I pace the foyer some more, watching the minute hand on my watch creep closer and closer to twelve. I have to face it. Eleanor is not coming. Maybe she doesn’t work Friday, she could be only a part time employee. Maybe she is still studying while completing her internship and she is on campus every Friday. I admit defeat and enter the elevator. It closes grimly, no cry of “hold the lift!” is forthcoming and I ride it silently all the way to the twenty second floor. It’s the quietest lift I’ve taken all week.
This afternoon I have a heap of paperwork to finish up and sort out before I hand the files back to George on Monday, and so I am the last person in the office. Everyone else has clocked out and Dave, Maria and some others have headed off to The Craic for drinks. I wasn’t interested in loud, raucous fun. The Mike Freely Quartet was playing at The Duke, but I didn’t feel like sitting there alone, so I locked the office and walked toward the lifts, no spring in my step, just Friday exhaustion slowing me down.
I pressed the call button and waited, studying the tips of my scuffed shoes, without actually seeing them. Like an automaton, I shuffle into the elevator as the doors slide open.
“Hi,” the voice is soft. “Tough week?”
I snap my head up and see the other occupant sharing my lift. It’s Eleanor, and all of a sudden there is ‘Sunshine on a rainy day!’ I nod, unable to speak.
She smiles and sighs, “Me too.” This is the longest conversation we have ever had out loud!
It’s then that I notice that she is carrying a box, an A4 Reflex copy paper box, and it is full to the brim of personal effects. The item at the top catches my eye with its glinting gold plastic. A name plate, ‘Tamara Blank’. My mouth opens, then closes and I swallow. Tamara?
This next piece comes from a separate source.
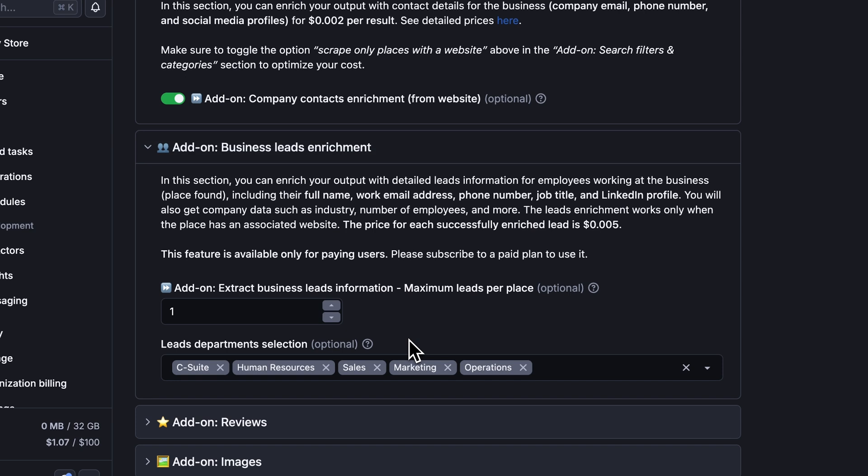You can choose the department you're targeting and limit the number of leads per place. This provides an all-in-one solution for getting individuals' contact data rather than companies' default email addresses. You'll also get more company details like the number of employees and their industry sector.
“It’s my last day,” she says.
The doors open on the ground floor and with a small sad smile she steps out before me. I hear her clipping heals tap across the marble floor toward the sliding glass exit, but I don’t move, and the elevator doors slowly shut in my face. I can see my reflection staring back at me in their shining metal surface.
‘Ah, look at all the lonely people’.